Write out each line below precisely, passing over the pictures.
*** Begin section ***
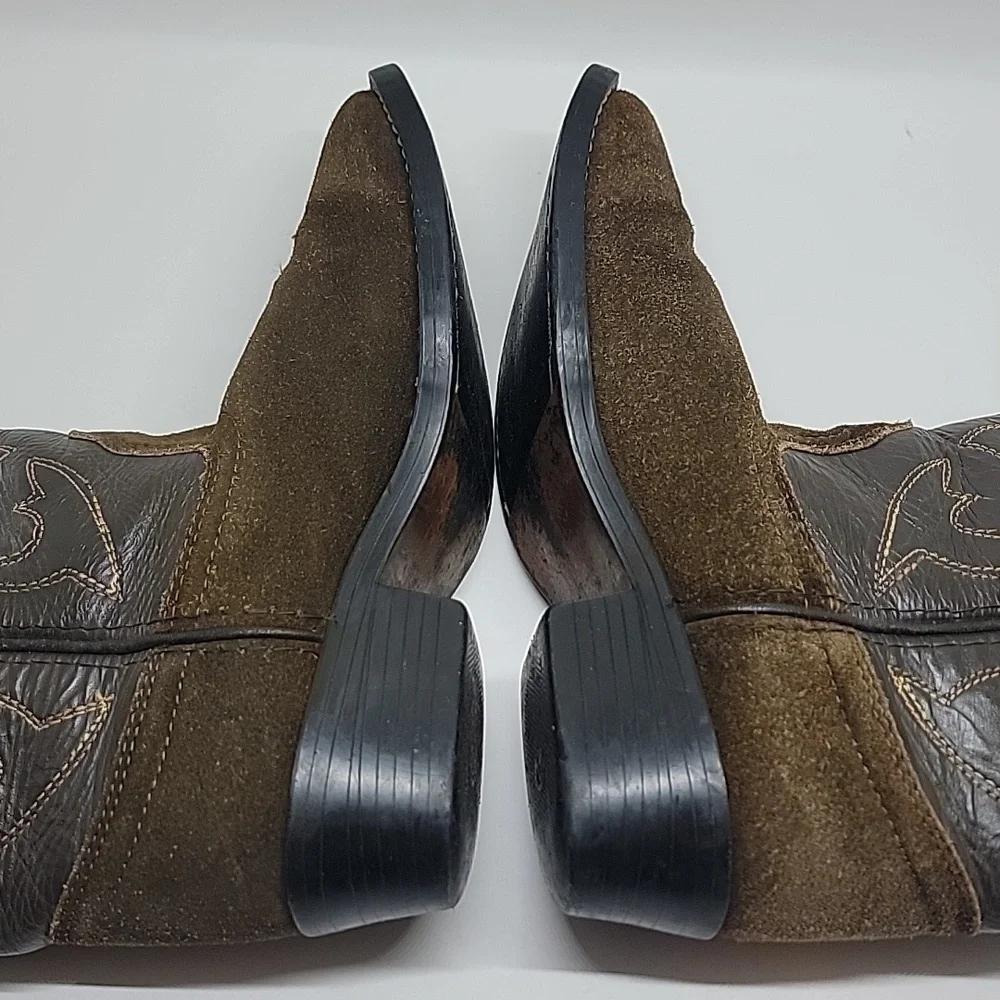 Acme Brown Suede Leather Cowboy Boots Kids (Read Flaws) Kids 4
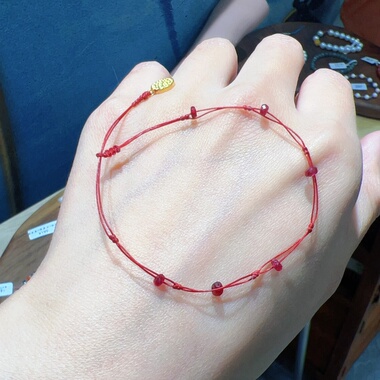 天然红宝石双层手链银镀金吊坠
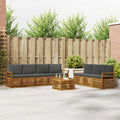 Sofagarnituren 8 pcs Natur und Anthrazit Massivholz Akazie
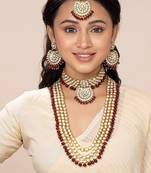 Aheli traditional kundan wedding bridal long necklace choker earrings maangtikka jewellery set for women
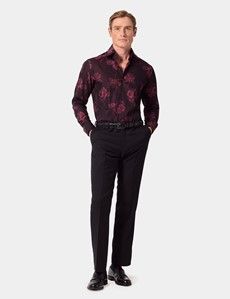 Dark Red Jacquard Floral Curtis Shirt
*** End section ***
> **SOLUTION FOR THIS PROBLEM**
 Acme Brown Suede Leather Cowboy Boots Kids (Read Flaws) Kids 4
 天然红宝石双层手链银镀金吊坠
 Sofagarnituren 8 pcs Natur und Anthrazit Massivholz Akazie
 Aheli traditional kundan wedding bridal long necklace choker earrings maangtikka jewellery set for women
 Dark Red Jacquard Floral Curtis Shirt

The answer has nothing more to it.